SEAL Team 6 families sue Taliban, al-Qaida

Charge racketeering, terrorism, causing death, pain, suffering.

A civil complaint seeking more than $600 million in damages has been filed in federal court in Washington, D.C., against the Taliban, al-Qaida, Iran, Afghanistan and others for the deaths of members of the U.S. military’s SEAL Team 6.

Filed Tuesday by attorney Larry Klayman of FreedomWatch, the case alleges racketeering, terrorism and murder. It charges the terror groups are liable under America’s Anti-Terrorism Act for harboring or concealing terrorists, providing material support to a terror organization, wrongful death and more.

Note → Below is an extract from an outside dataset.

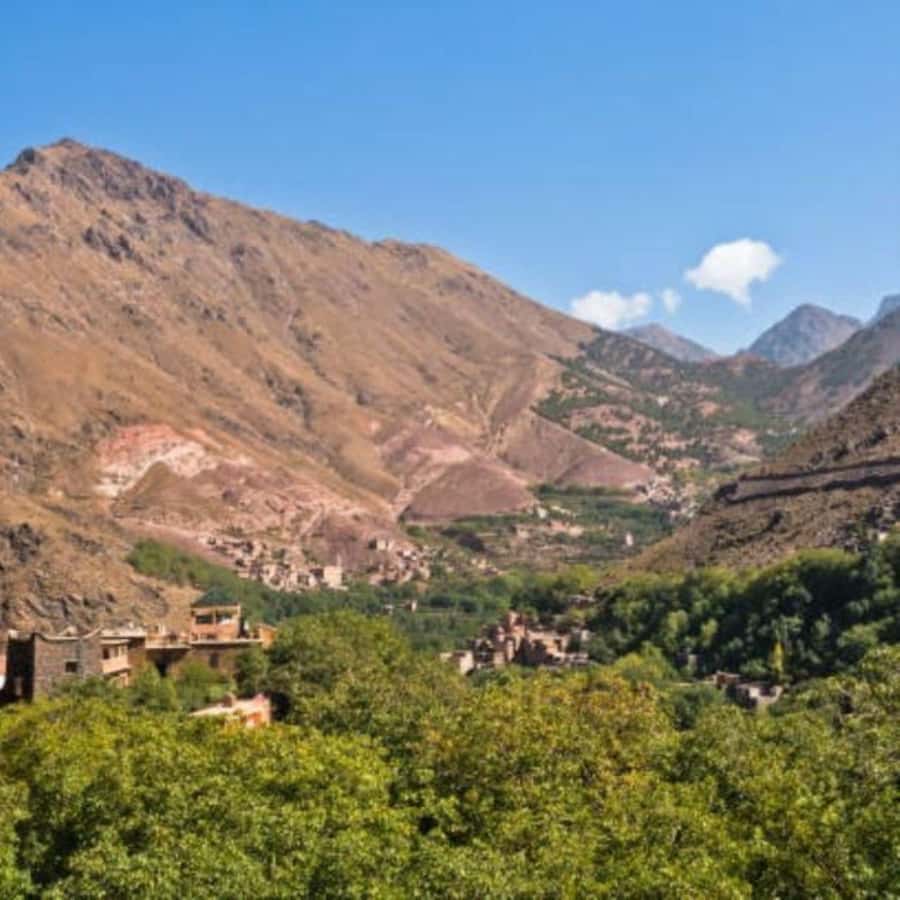 From Marrakech: Full-Day in the Atlas Mountains with Lunch - Guide and driver quality: why names keep coming up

The case traces back to Feb. 23, 1998, when the “terrorist organization Defendant Taliban, in concert with the terrorist organization Defendant al-Qaida, led by master terrorist leader Osama bin Laden, issued a Fatwah (Religious Decree), dictating to all Muslim people to kill Americans and their allies – civilians and military – declaring that the slaying of Americans is an individual duty for every Muslim.”

Bin Laden declared: “We – with God’s help – call on every Muslim who believes in God and wishes to be rewarded to comply with God’s order to kill the Americans and plunder their money wherever and whenever they find it.”

The case ties the declaration to the deaths of Michael Strange, a National Security Agency cryptologist for SEAL Team 6; Patrick Hamburger, an Army National Guard member; and John Douangdara, a Petty Officer 1st Class, in support of SEAL Team 6. Family members and survivors Charles and Mary Strange, Douglas and Shaune Hamburger and Phouthasith Douangdara are suing.